Nous comprenons que la Russie, avec une équipe gouvernementale dynamique et rajeunie, entende aller résolument de l'avant. Ce mouvement est impressionnant. Il est de nature à inspirer confiance, chez vous bien entendu, mais aussi à l'extérieur de la Russie, auprès de tous vos amis qui vous observent. Nous savons le poids de la politique étrangère à cet égard : les relations de la Russie avec le reste du monde - et d'abord avec ses principaux partenaires économiques que sont les pays européens -, apportent leur contribution à l'effort de réforme. Soyez assuré, Monsieur le Ministre, qu'une Russie forte, prospère, prenant sa place dans toutes les structures de coopération européennes et mondiales, est notre voeu le plus sincère. Nous ne négligerons aucun effort en ce sens. Qu'il s'agisse du développement de notre coopération économique et de notre concertation politique, ou de l'appui que la France peut apporter à la Russie pour son intégration dans les enceintes internationales comme le G7- que nous souhaitons transformer en G8 - l'Organisation mondiale du commerce ou l'OCDE.
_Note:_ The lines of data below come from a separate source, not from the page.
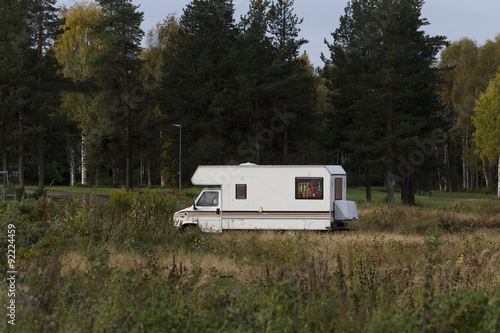 A parked camper on a field with some trees in the background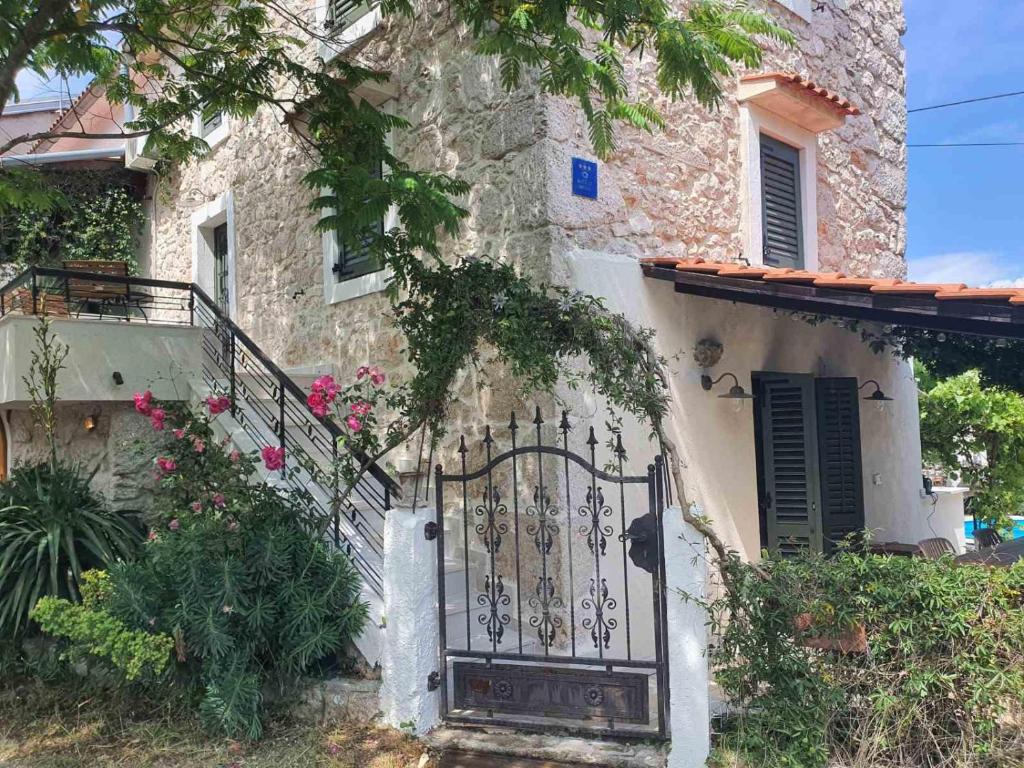 a stone house with a gate and flowers at Cosy Getaway in Gostinjac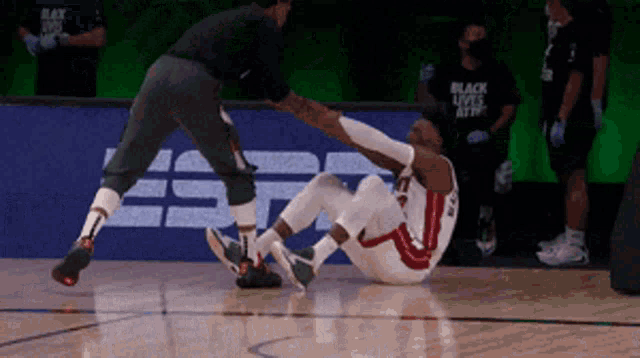 a basketball player has a knee injury and is being helped by a referee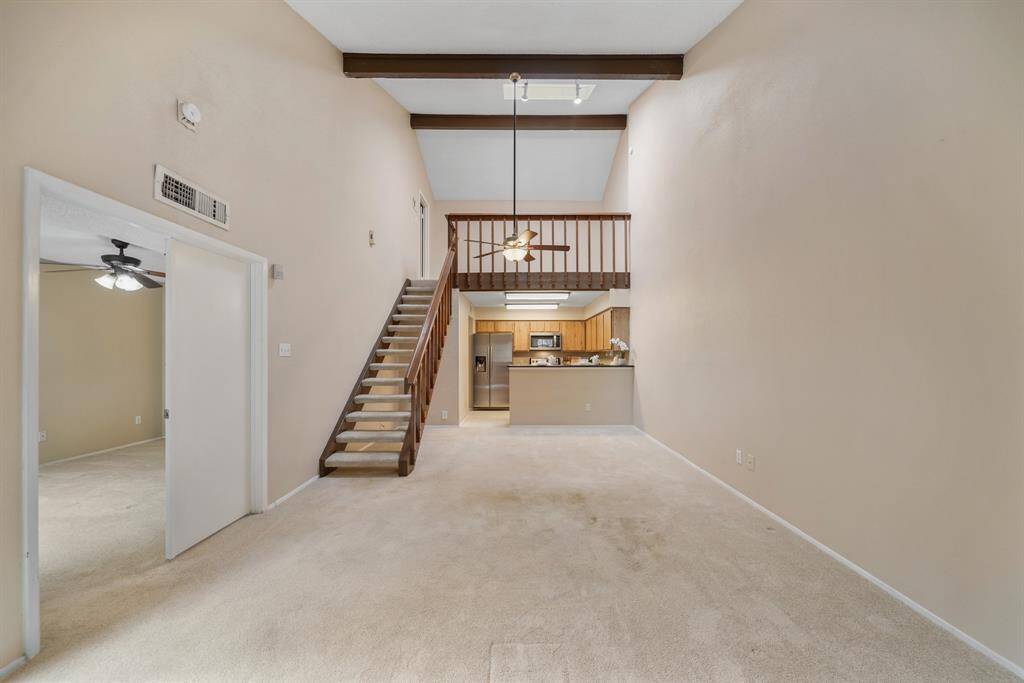 The double door entry on the left opens to the first floor owner's suite with access to a full bath.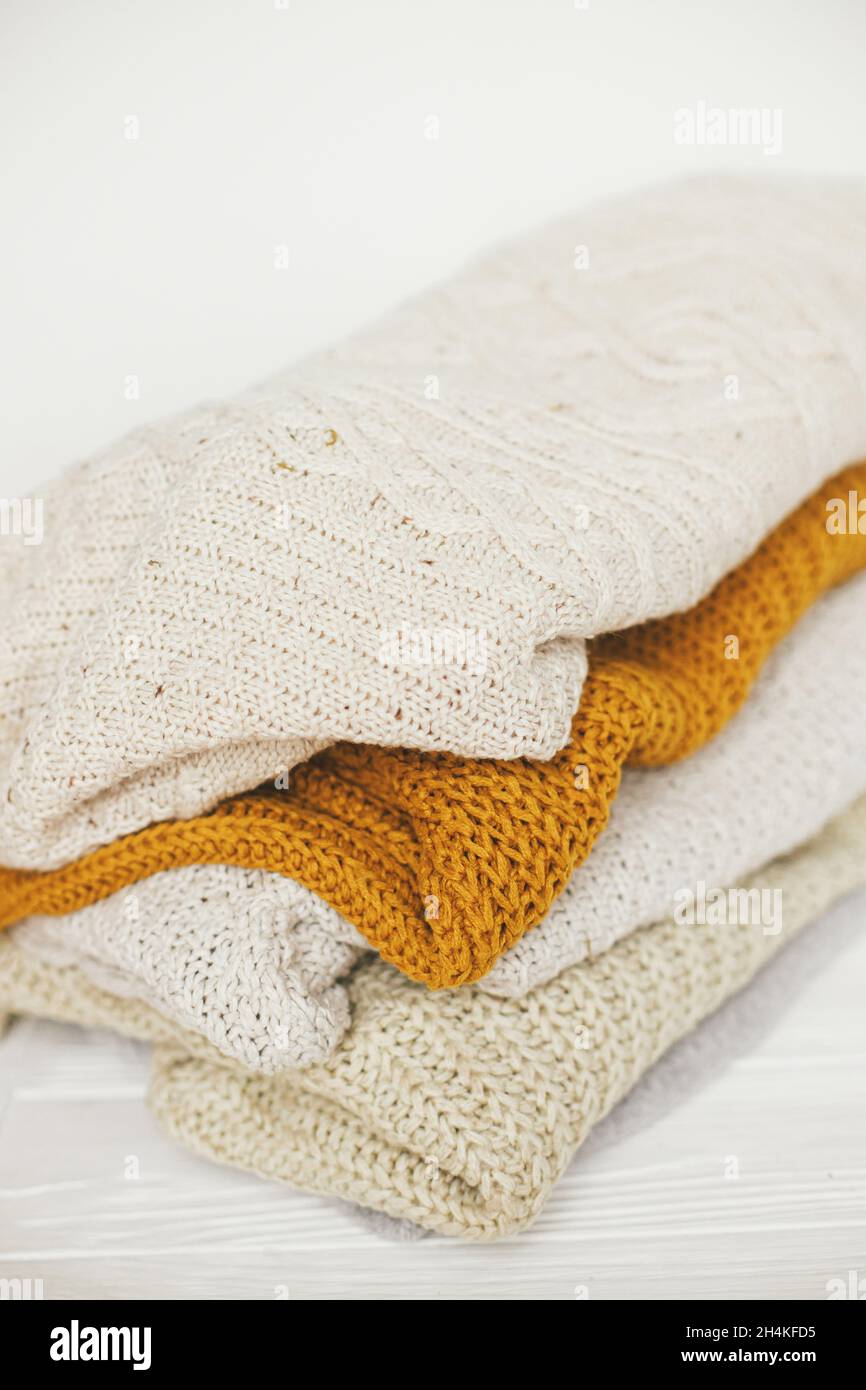 Un mucchio di maglioni bianchi, gialli e beige in maglia si avvicina in  bianco stanza scandinava. Maglioni a maglia accoglienti. Ciao autunno.  elegante guardaroba per i mari freddi Foto stock - Alamy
La même préoccupation nous anime dans les domaines politique et de sécurité. Alors que les mois qui viennent seront décisifs pour dresser les fondations de l'architecture européenne de sécurité du XXIème siècle, il est important que la France et la Russie contribuent ensemble à cette édification. Le processus d'élargissement de l'Alliance atlantique, pour important qu'il puisse être, ne résume pas, à lui seul, cette construction ambitieuse. C'est un élément certes important pour répondre aux préoccupations de sécurité des uns. L'élaboration d'une charte entre la Russie et l'OTAN est un élément au moins aussi important et sans doute déterminant. Je suis convaincu qu'un compromis raisonnable, de nature à prendre en compte les préoccupations russes peut être trouvé, avant le Sommet de Madrid. Nous en avons très longuement parlé ici ainsi qu'à l'audience chez le président de la République.
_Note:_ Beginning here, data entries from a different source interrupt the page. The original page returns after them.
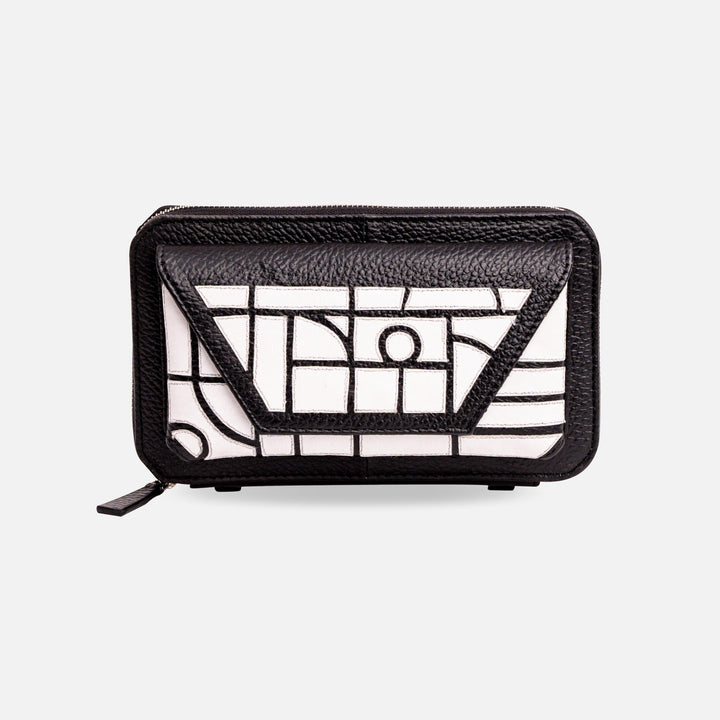 Black and white leather wallet with geometric stitched pattern and front flap pocket on white background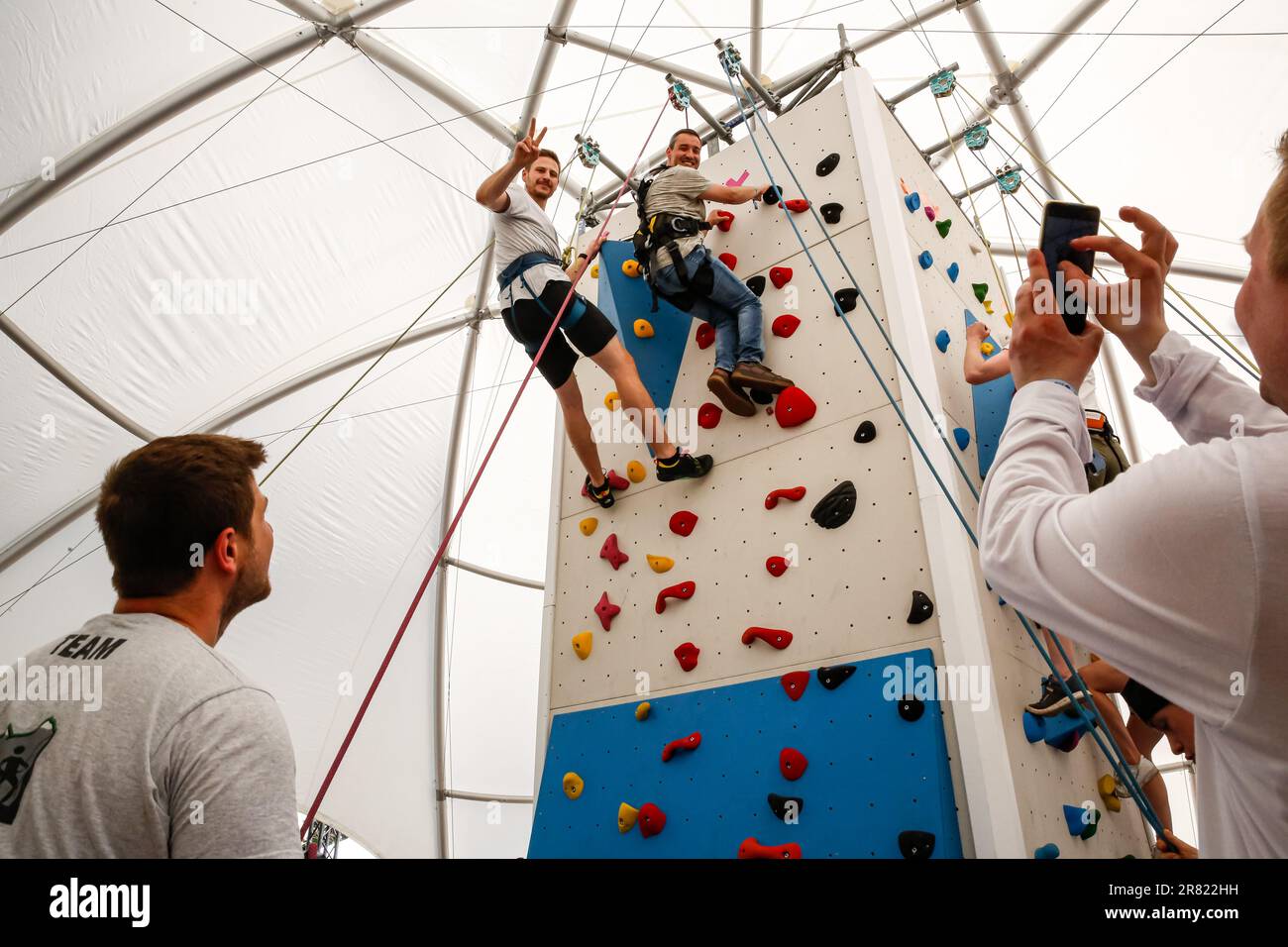 Berlin, Germany. 18th June, 2023. Participants climb an indoor climbing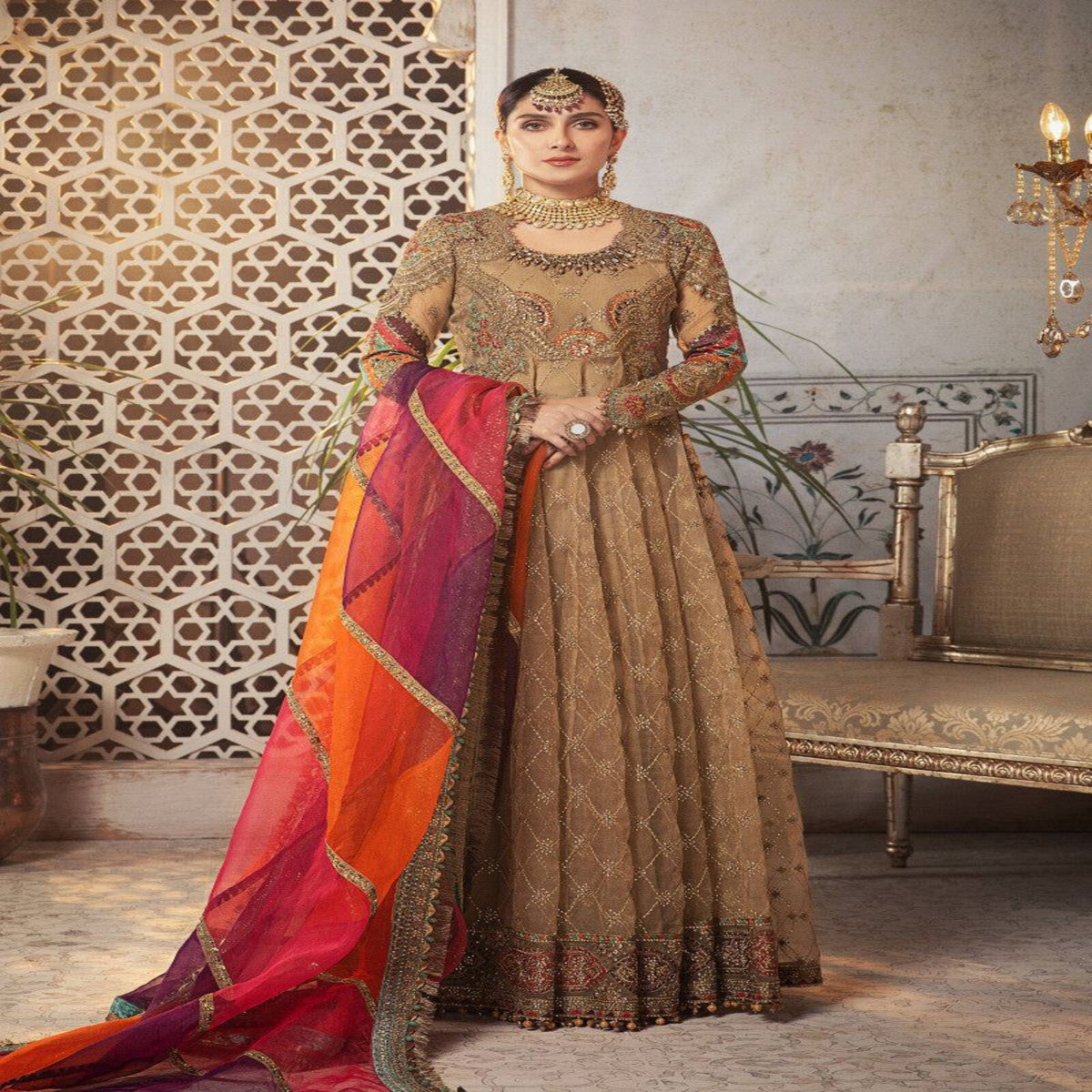 Woman in traditional embroidered outfit with a colorful dupatta in an ornate room.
Nous devrons ensuite nous atteler tous ensemble à une approche globale des problèmes de sécurité en Europe. La charte sur la sécurité européenne que nous mettrons au point dans le cadre de l'OSCE et dont nous devons ensemble accélérer les travaux, sera un élément central de ce nouvel équilibre où chacun
aura sa place, sa sécurité et son avenir garantis.
Sur les grands dossiers de l'actualité internationale, nous échangeons régulièrement nos points de vue. Et nous constatons que nos deux pays ont le
plus souvent des analyses convergentes.
Au Moyen-Orient, - admettons-le - le processus de paix est dans une phase d'extrême gravité. La France est très préoccupée par la situation dans cette région. Elle se félicite du rôle joué par la Russie, en sa qualité de co-parrain du processus de paix, en vue de réactiver le dialogue, sur la base des accords conclus. Elle entend n'épargner aucun effort pour contribuer à ce même objectif. Que ce soit à titre national, ou au travers de l'action menée par l'Union européenne dont elle inspire le plus souvent les mouvements.

En Bosnie, la France et la Russie poursuivent, au sein du groupe de contact, et par le biais de leur participation commune d'abord à l'IFOR puis à la SFOR, des objectifs communs : consolider des acquis encore trop fragiles, créer les conditions d'un avenir de paix et de prospérité pour toutes les populations concernées, pourvu qu'elles-mêmes y mettent du leur.

La France apprécie également à sa juste valeur la contribution apportée par la Russie au règlement des conflits régionaux dans les pays de la CEI. Dans le Caucase plus particulièrement, vous le savez, la France a décidé de s'impliquer davantage dans le règlement du conflit du Haut-Karabakh. Elle compte sur l'expérience irremplaçable de la Russie dans ce dossier complexe. Elle compte aussi sur la capacité d'initiative et de cohésion des trois co-présidents de la Conférence de Minsk pour aider les parties à progresser dans la recherche d'un règlement négocié.

Sur le plan bilatéral enfin, nous avons à coeur de renforcer encore le partenariat privilégié que nous avons décidé d'établir entre nous.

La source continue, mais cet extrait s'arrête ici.